Конечно, там тоже была своя пропаганда, но хуже того, что мы видели здесь, ничего быть не могло. Мы это хорошо знали, работая, так сказать, на идеологическом фронте — имея дело с кино. Мы же оба помнили, каким диким, совершенно идиотским преследованиям подвергалось малейшее слово. Это называлось: «аллюзия». Среди киношников гуляла такая шутка. Картина ведь проходила несколько инстанций, ее резали, снова возвращали… Обком партии не был последней инстанцией, после него везли в Москву. Так вот шутка: собирается Комитет по делам искусств, смотрят кино, и главный редактор говорит: «Зачем у вас так долго облака плывут, переходите сразу на действие». Режиссер: «Нет, мне это нужно для создания настроения». Ему: «Зачем вам настроение? Зритель смотрит на эти облака и думает: „А наш Брежнев — говно“. Ну да, чтобы человек ни о чем не думал. Вот такая атмосфера была. Да, все были „за“, и каждый в отдельности — против. Вот что нас связывало.

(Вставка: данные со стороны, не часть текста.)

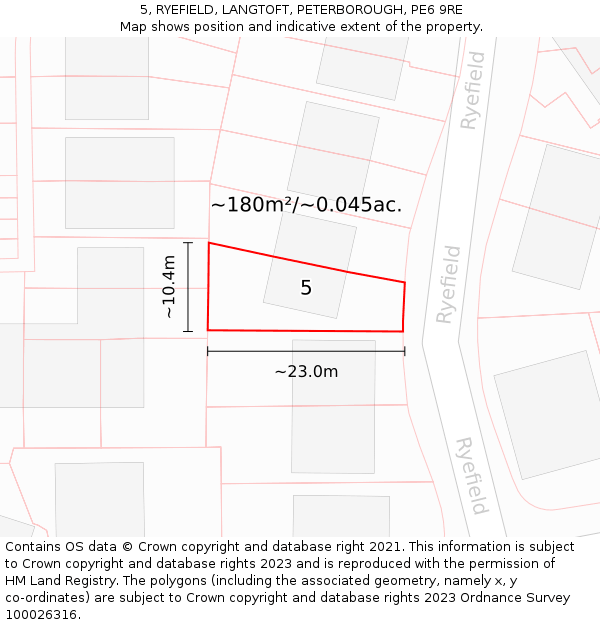 5, RYEFIELD, LANGTOFT, PETERBOROUGH, PE6 9RE: Plot and title map
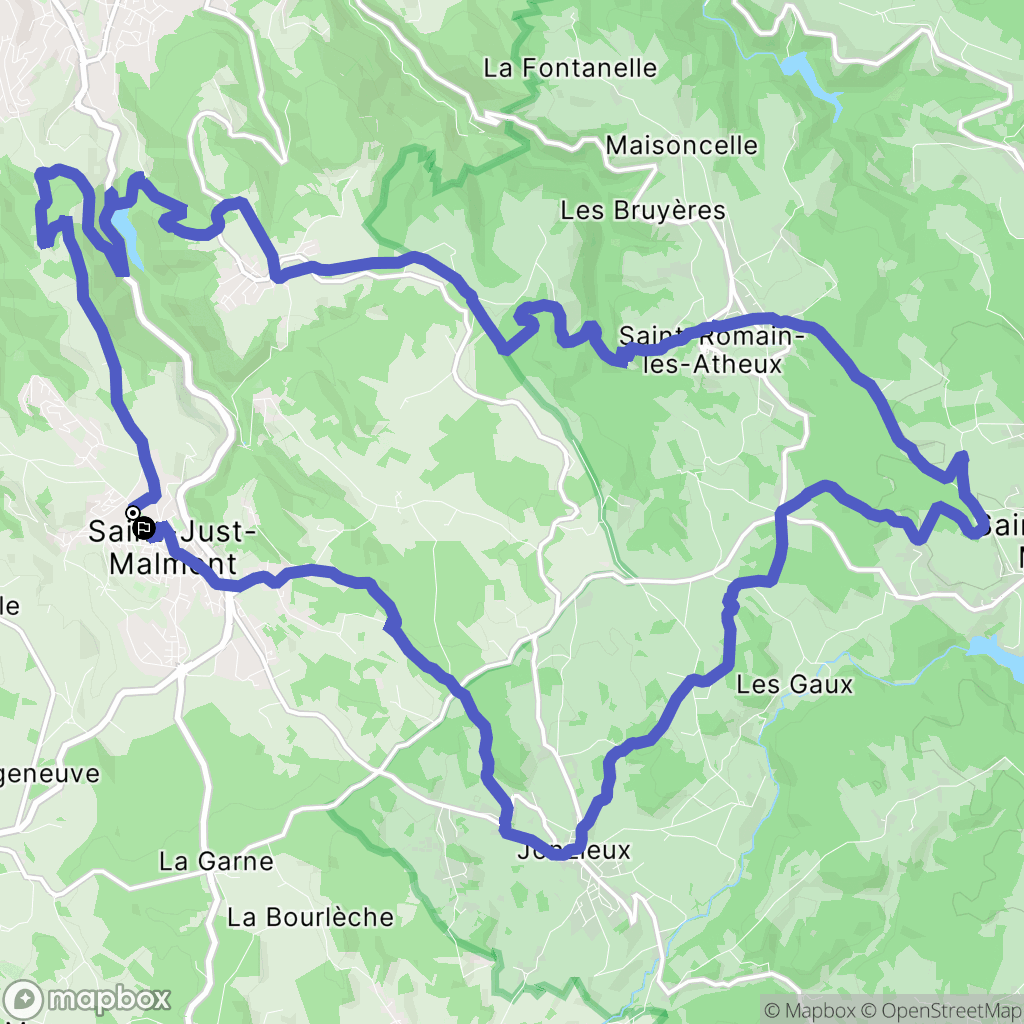 Saint-Just-Malmont : carte du parcours de randonnée - France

А период оттепели быстро кончился. Хрущев ведь был человек очень вспыльчивый. Когда ему показали выставку новой живописи, он почему-то всех художников назвал педерастами. Больше всех тогда пострадали Эрнст Неизвестный и Женя Евтушенко. Снова начали сажать. Первым судилищем, потрясшим нас, был процесс Синявского — Даниэля, когда писателей осудили за то, что они пишут. Мгновенно всё это отражалось на кинематографе. А Булат Окуджава пел свои тихие песенки — про троллейбус, про одиночество, про Арбат… Он пел эти песни, и в них звучала ностальгия по свободе. Всё его творчество заставляло человека задуматься. Не то что опусы наших официальных стихоплетов. У Булата социальный момент был очень силен, но облекался, повторюсь, в безукоризненную художественную форму.